■ **Aim of the task**
Retype exactly the lines from the one containing "Mascara de Mergulho" through the last line of the records below, including both, and leave out any pictures.

----

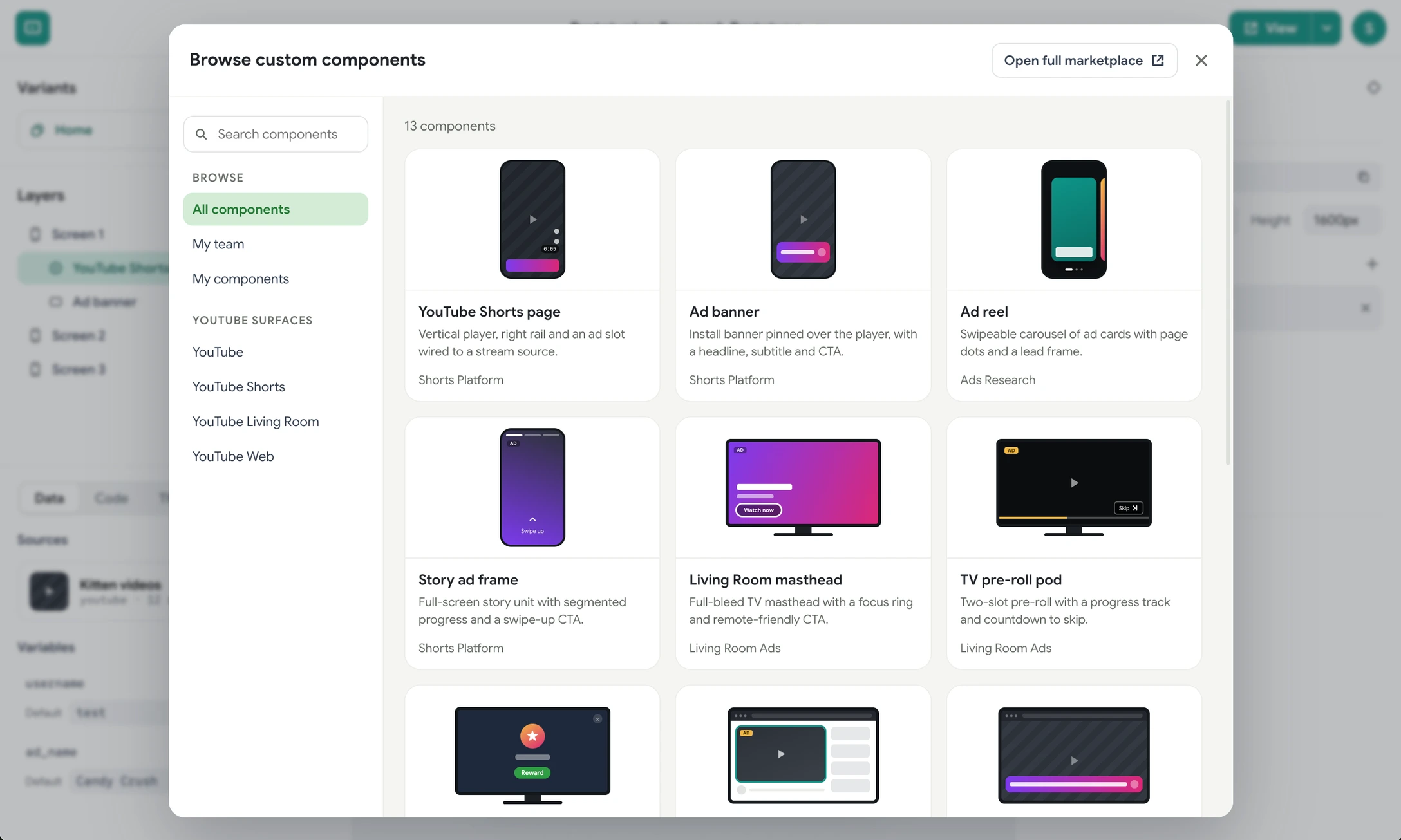 The new custom components view when adding elements to a screen
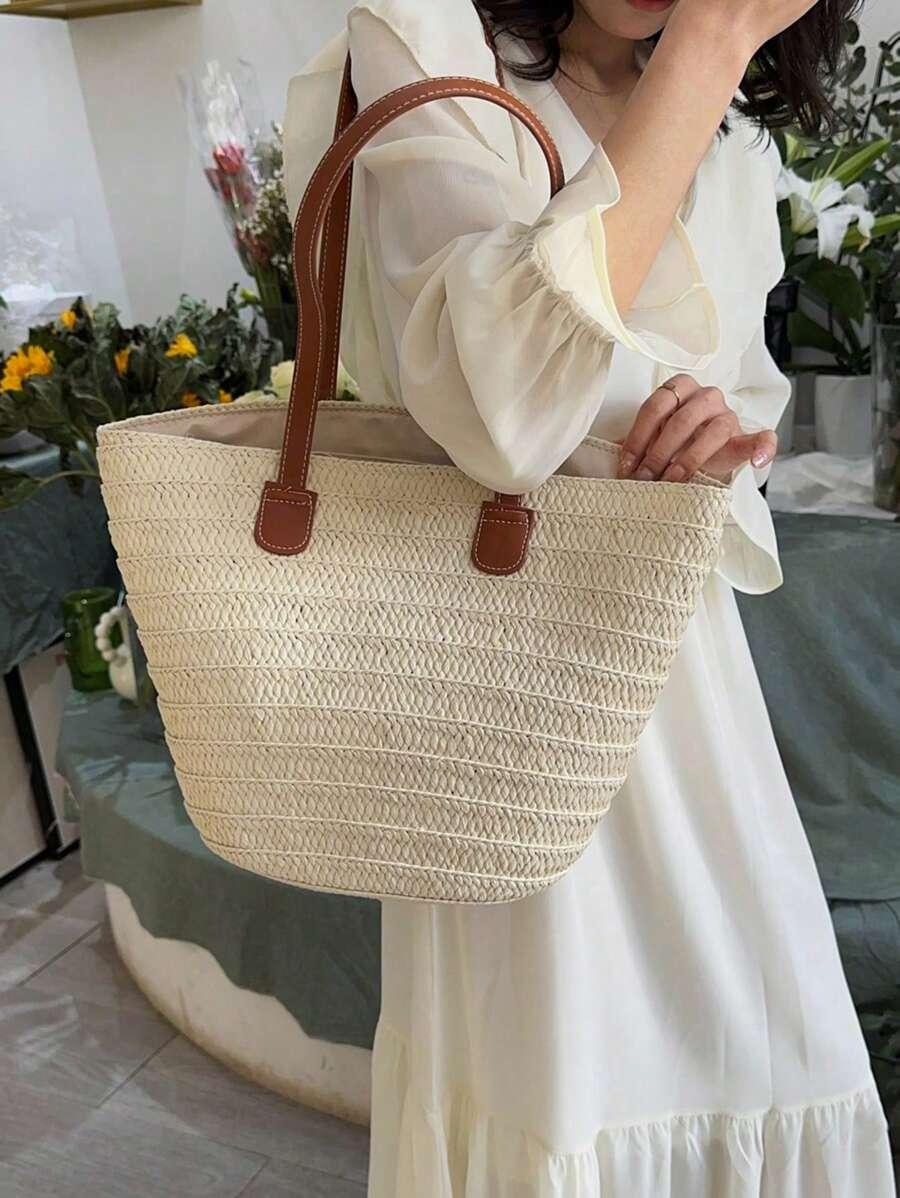 SHEIN BEŻOWA TOREBKA NA RAMIĘ S07__45X16X29
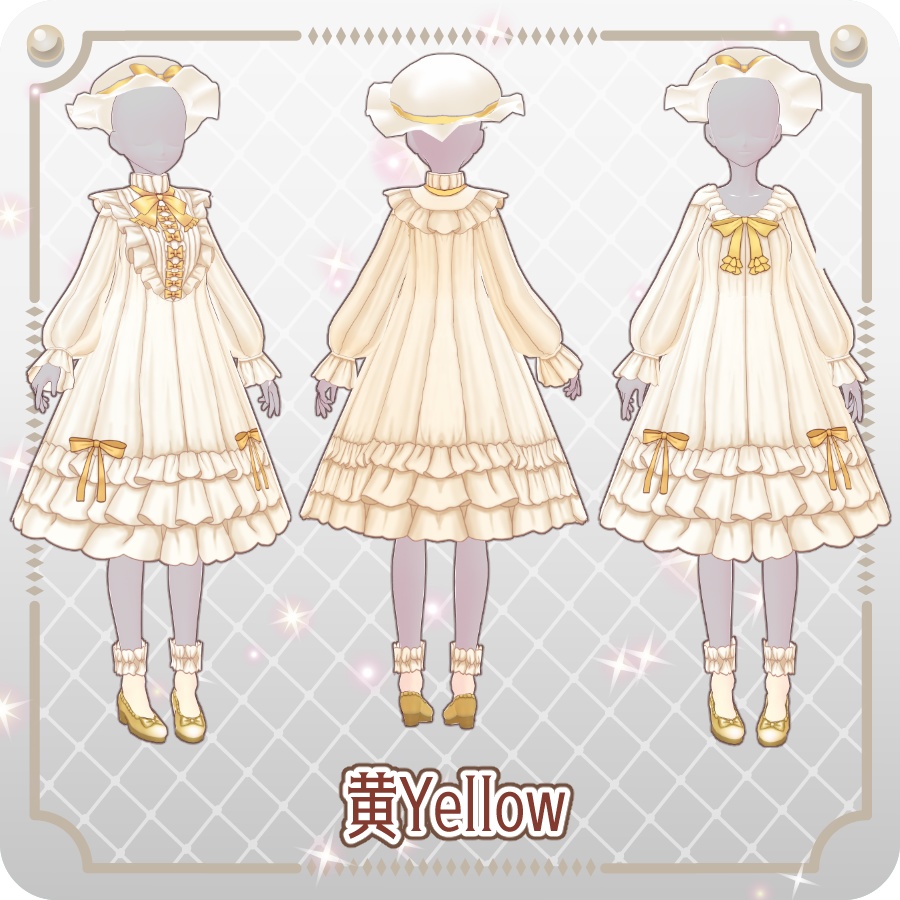 【VRoid Dress Set】フリルネグリジェ6色Frill Negligee in 6 Colors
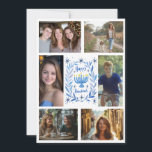 HAPPY HANUKKAH Hand-Drawn CUSTOM 6 PHOTO  Holiday Card<br><div class="desc">Hope you like this holiday design. Click "personalize" to edit and add your own photos and text to the front and back. Also available as digital download to send via email or text message and save on postage. Check my shop for more matching items like greeting cards, postcards, stickers, mugs,...</div>
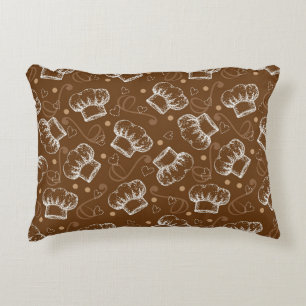 Cooking pattern with chef hat decorative pillow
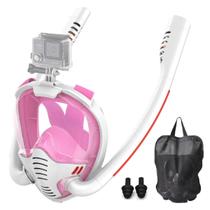 Mascara de Mergulho Snorkel Duplo Protetor Ouvido Oculos 180 Graus Piscina Nataçao Mar Praia Esporte Diversao Lazer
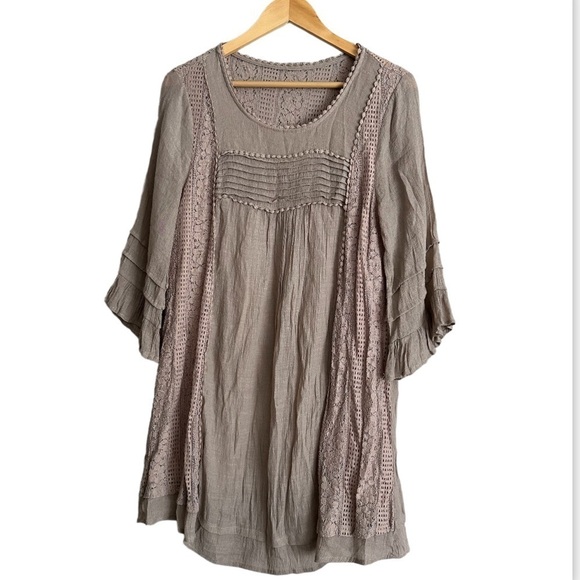 kori america beige lace bohemian dress size small - Picture 2 of 12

----

■ **Worked solution**
 Mascara de Mergulho Snorkel Duplo Protetor Ouvido Oculos 180 Graus Piscina Nataçao Mar Praia Esporte Diversao Lazer
 kori america beige lace bohemian dress size small - Picture 2 of 12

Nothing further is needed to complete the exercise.